Wie König Fussball von Tel Aviv aus die Welt erobert – in Form einer Web-Community namens "Footbo"...
Von Benjamin Rosendahl
Der englische Fussballnationalspieler Gary Linecker sagte einmal, dass "Fussball ein Spiel ist, wo 90 Minuten lang 22 Menschen einen Ball hinterherlaufen – und am Ende die Deutschen gewinnen." Oft hat diese Aussage gestimmt, nicht aber bei dieser EM (Spanien besiegte Deutschland im Endspiel und gewann die EM – zum ersten Mal seit 44 Jahren). "Unterschätze nie ein Land, wo Stiere ungeschützt durch die Straßen laufen," meint Mani Honigstein, Gründer von "Footbo".
"Footbo", dessen Hauptsitz in Tel-Aviv ist, hat von der Europameisterschaft durchgehend berichtet. Ihre vielen Anhänger haben sich in Diskussionsgruppen hitzige Argumente geliefert. Gleichzeitig berichteten einige der weltweit anerkanntesten Sportjournalisten auf ihren Blogs auf der Site, deren Ziel es ist, "eine Online-Community für Fussballfans weltweit zu sein."

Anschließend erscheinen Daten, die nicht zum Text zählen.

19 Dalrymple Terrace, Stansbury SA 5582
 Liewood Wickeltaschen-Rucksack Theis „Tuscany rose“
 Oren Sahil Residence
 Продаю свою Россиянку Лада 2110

Ich traf Mani in seinem Büro in Tel Aviv, wo er eine gute Aussicht auf das Mittelmeer hat. Es war 9 Uhr früh, auf verschiedenen Fernsehern liefen Spiele unterschiedlicher europäischer Ligen und Manis Blick schwenkte hin und her. Aus seiner Kaffeetasse roch es nach starkem Kaffee und Kardamon ("was man in Israel türkischen Kaffee nennt, obwohl in der Türkei statt Kaffee nur Tee getrunken wird"). "Fussball war schon immer meine Leidenschaft, seit dem ich mich erinnern kann", sagt Mani, der in München geboren ist. Seit seiner frühen Jugend war er in zwei Clubs festes Mitglied – in der ZJD (Zionistische Jugend Deutschland) und beim FCB (Fussball Club Bayern München). Hier in Israel versucht er, beide Leidenschaften – den Fussball und den Zionismus, zu verwirklichen.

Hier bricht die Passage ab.